Give the listing again word for word. Skip the pictures.

|---|

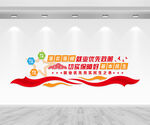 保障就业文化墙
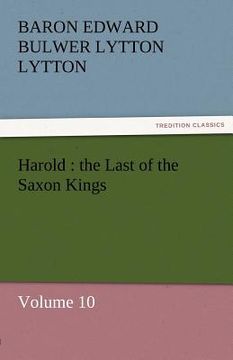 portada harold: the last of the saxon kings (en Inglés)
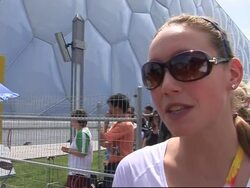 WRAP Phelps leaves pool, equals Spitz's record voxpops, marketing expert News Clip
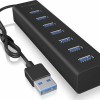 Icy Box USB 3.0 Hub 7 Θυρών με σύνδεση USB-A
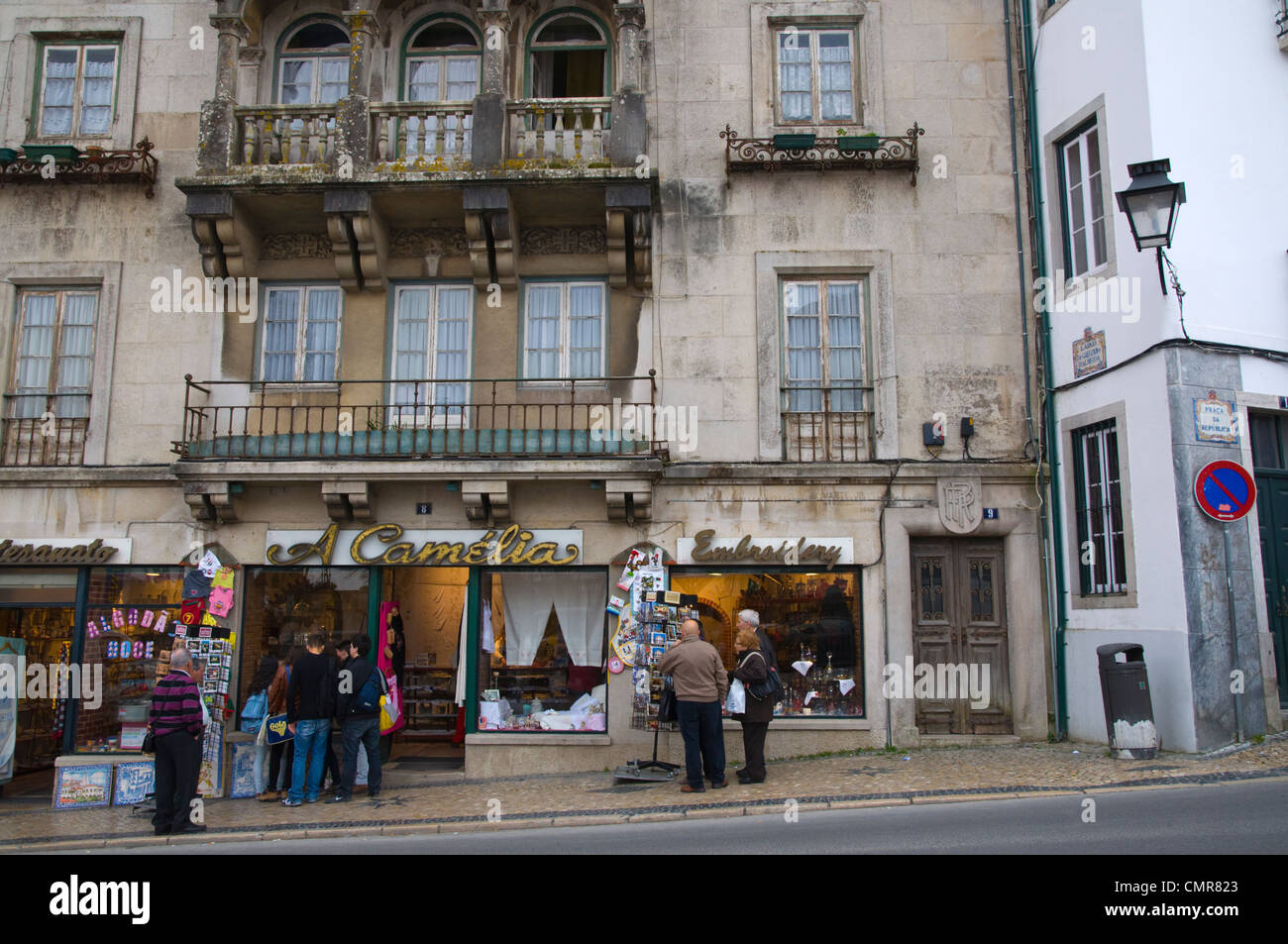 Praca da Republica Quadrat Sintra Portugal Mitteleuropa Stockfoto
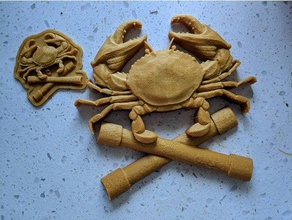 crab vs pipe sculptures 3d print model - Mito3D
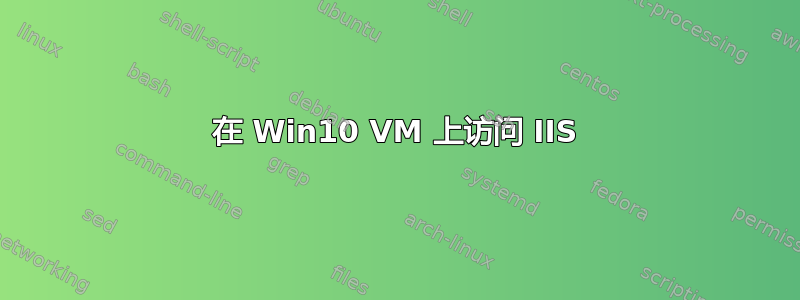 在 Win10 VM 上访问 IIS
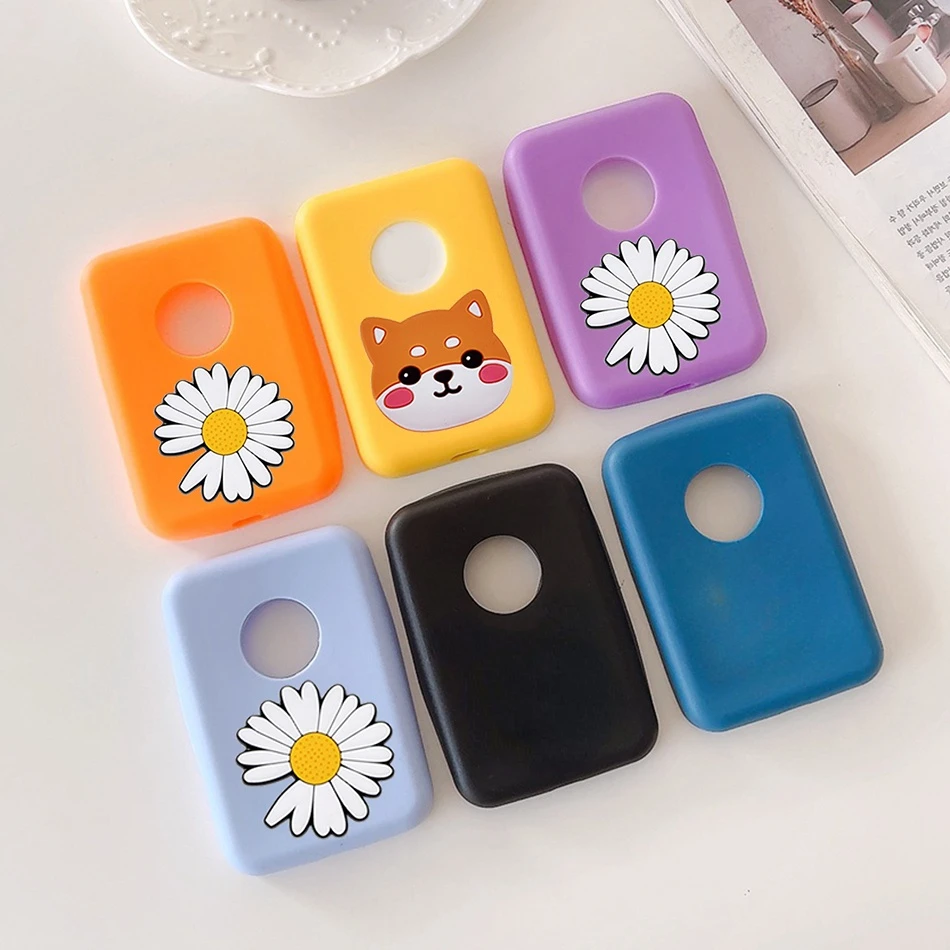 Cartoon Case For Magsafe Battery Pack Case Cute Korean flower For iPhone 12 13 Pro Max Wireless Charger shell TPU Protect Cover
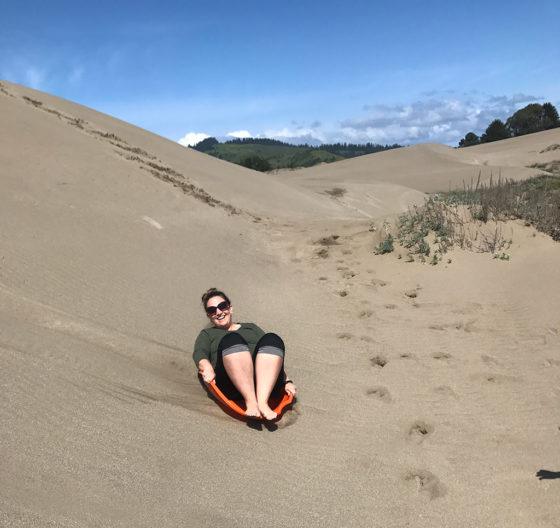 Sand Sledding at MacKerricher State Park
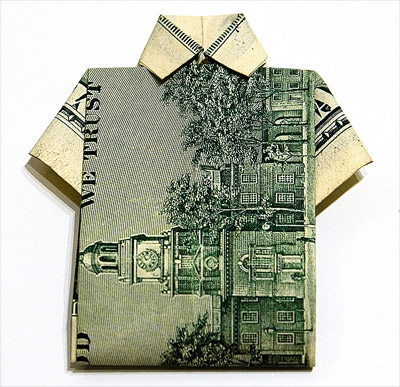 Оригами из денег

|---|

## Answer box
 保障就业文化墙
 portada harold: the last of the saxon kings (en Inglés)
 WRAP Phelps leaves pool, equals Spitz's record voxpops, marketing expert News Clip
 Icy Box USB 3.0 Hub 7 Θυρών με σύνδεση USB-A
 Praca da Republica Quadrat Sintra Portugal Mitteleuropa Stockfoto
 crab vs pipe sculptures 3d print model - Mito3D
 在 Win10 VM 上访问 IIS
 Cartoon Case For Magsafe Battery Pack Case Cute Korean flower For iPhone 12 13 Pro Max Wireless Charger shell TPU Protect Cover
 Sand Sledding at MacKerricher State Park
 Оригами из денег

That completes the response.